The function NEW_AVAILABLE_PRIM returns True when a primitive which was not previously
executable becomes available while executing 𝑝; the function returns False in all the other
cases. For instance, if the agent finds out that there is a ladder over him while executing the
𝑔𝑜_𝑟𝑖𝑔ℎ𝑡 option, the primitive 𝑔𝑜_𝑢𝑝 gets available and the function return True. In other
words, NEW_AVAILABLE_PRIM detects the interesting event, thus implementing the surprise
element that catches the agent’s curiosity. For this reason, the primitive representing the
exact reverse with respect to the one currently being executed is not interesting for the agent,
i.e., the agent will not get interested in the 𝑔𝑜_𝑟𝑖𝑔ℎ𝑡 primitive while executing 𝑔𝑜_𝑙𝑒𝑓 𝑡. The
same treatment applied to the (𝑔𝑜_𝑙𝑒𝑓 𝑡, 𝑔𝑜_𝑟𝑖𝑔ℎ𝑡) primitive pair is also used with the pair
(𝑔𝑜_𝑢𝑝, 𝑔𝑜_𝑑𝑜𝑤𝑛).
   When the stopping condition of the most inner while is verified and 𝑠 ̸= 𝑠′ , a new option
can be generated according to the following rationale.

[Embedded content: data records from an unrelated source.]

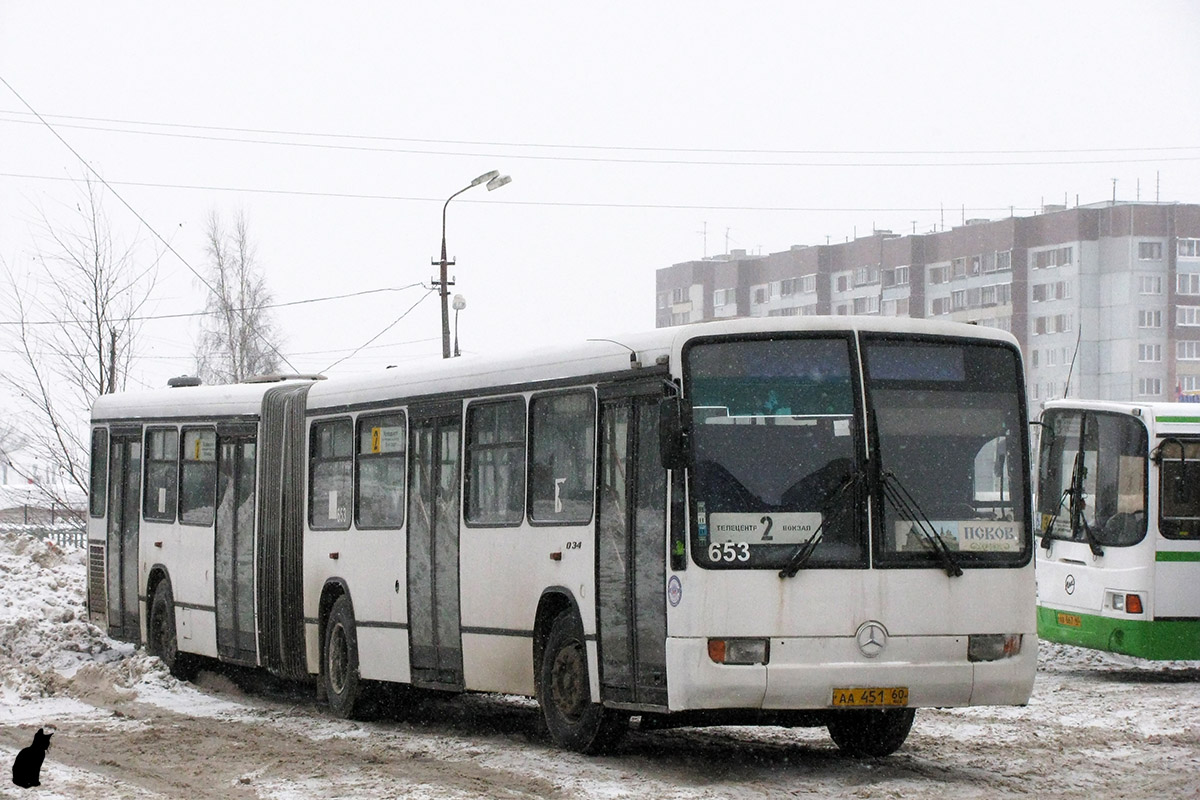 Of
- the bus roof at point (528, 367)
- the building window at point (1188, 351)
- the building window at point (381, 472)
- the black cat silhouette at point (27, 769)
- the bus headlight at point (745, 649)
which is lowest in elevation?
the black cat silhouette at point (27, 769)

In case the while exits because of the
availability of a new primitive 𝑡 in the new state 𝑠′ , a new option 𝑜(𝑝, 𝑡) is created (line 16);
otherwise, if the while exits because the primitive under execution is no longer available, a new
option 𝑜(𝑝, {}) is created, meaning "execute 𝑝 while it is possible" (line 18). In either case, the
created option 𝑜𝑝 is added to the list 𝑜𝑝𝑡𝑖𝑜𝑛𝑠 (line 19), which is the output of the function.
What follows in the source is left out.